Tis the season to....drink as much as possible before you pass out on the couch


We're all going to heaven, lads, waheeey. Source


Happy Christmas (or should I say Happy Yule?) to all and to all a Happy Christmas. Tis the eve of the New Year, hopefully one that will be filled with a lot more motivation (I got my PhD!), a lot more exercise, a lot more painting, a lot more reading, and a lot less drinking!

Since I have basically spent my Christmas forcing as much drink into myself as possible (and equally telling myself that I am never ever touching drink again, whilst simultaneously pouring myself another glass (sure one won't hurt!)), I think it is a good time to write a post on alcohol and its history in Anglo-Saxon England, and other areas of interest!

So, back in the good old days, there were a few main types of alcoholic beverages drank by the Anglo-Saxons - mead, ale, beer and wine (fortunately for them they never had to experience Tesco Value Vodka) - medu, ealu, beor and win. It is unknown still whether these drinks were pretty much the same as the equivalents of today, and some believe that what the Anglo-Saxons referred to as beor, was in fact cider.

Anglo-Saxon drinking horn

Like us today, the Anglo-Saxons were obviously fond of the few scoops, as evidence from words like gebeorscipe, meaning "drinking party", and the fact that they had what we call "mead-halls". Furthermore, vessels like drinking-horns are mentioned in Beowulf (the Danes drink mead) and fittings for drinking-horns were discovered at Sutton Hoo.

It seems that wine wasn't much of a drink for the masses (or well...it was, but not those masses). Before the ninth-or-so century (this differs with sources), it seems that the climate wasn't suitable for cultivating wine, and so, before this, wine was imported from warmer climates, and so, was only really used for religious purposes and by the few who could afford to pay for it. Even so, after the climate improved, wine was really only left for the upper classes of society, while the rest of the dregs got pissed on ale and beor.

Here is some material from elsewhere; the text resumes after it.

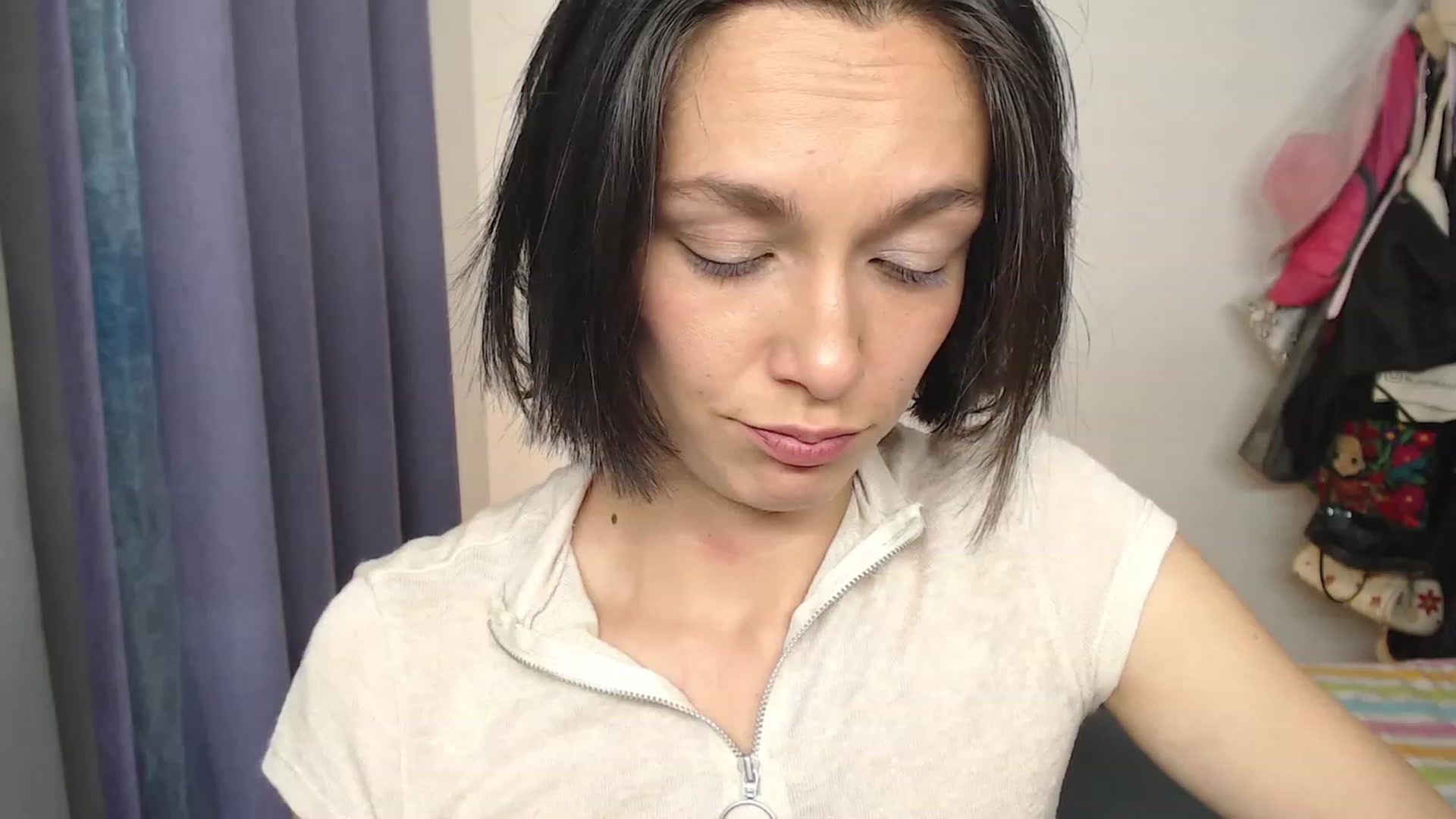 Gallery image thumbnail from Be__Licious's myfreecams stream on, 03/28/2023, 01:40 image 8 of 20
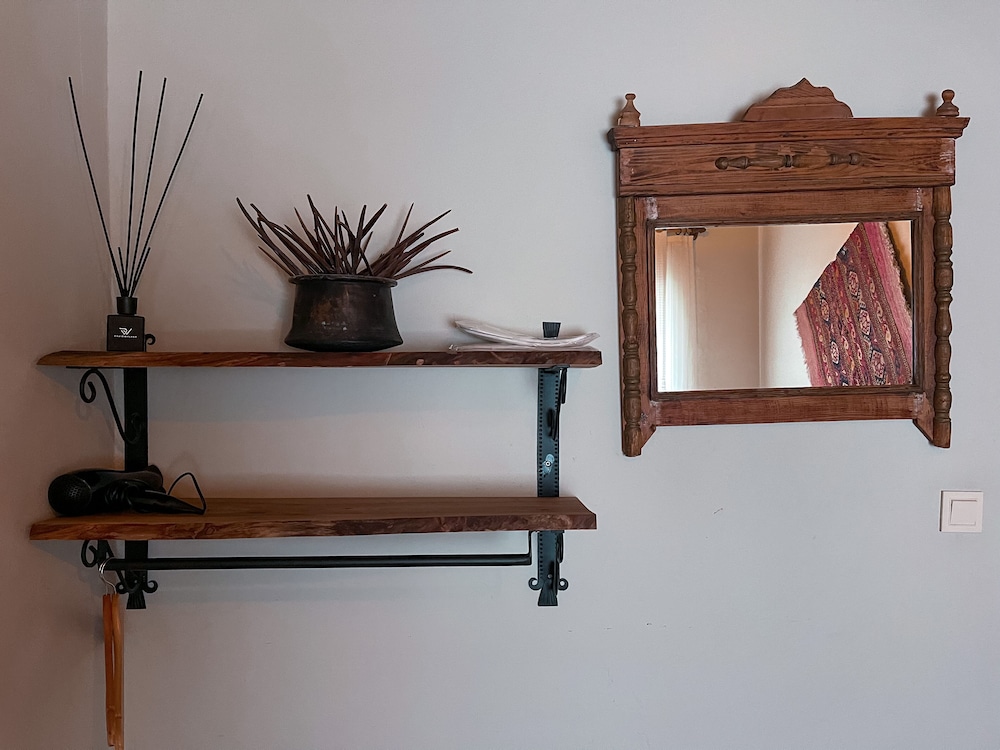 Comfort Room photo 2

What we mostly seem to think of when we think of alcohol in these times is mead. In Norse Mythology, it's the drink that seems to be what you will be drinking for the rest of your life once you reach Valhalla, and os the source of Odin's strength as he suckled it froma goat as an infant. This however, is actually a foreign drink, the term medu coming from Proto-Indo-European médu, and similar drinks from the same (or earlier) period can be found all over the world, from the Slavic (med or miod), Baltic (midus) Sanskrit (madhu), and appears with different names all over the world, including Africa and Northern China (where the first possible traces of the making of mead are found). So, it's not an exclusively Anglo-Saxon or even Norse or Germanic, or even Western European, drink! 



I enjoy some mead in the coolest pub in Stockholm


That is all for now. Hope you have a great New Year!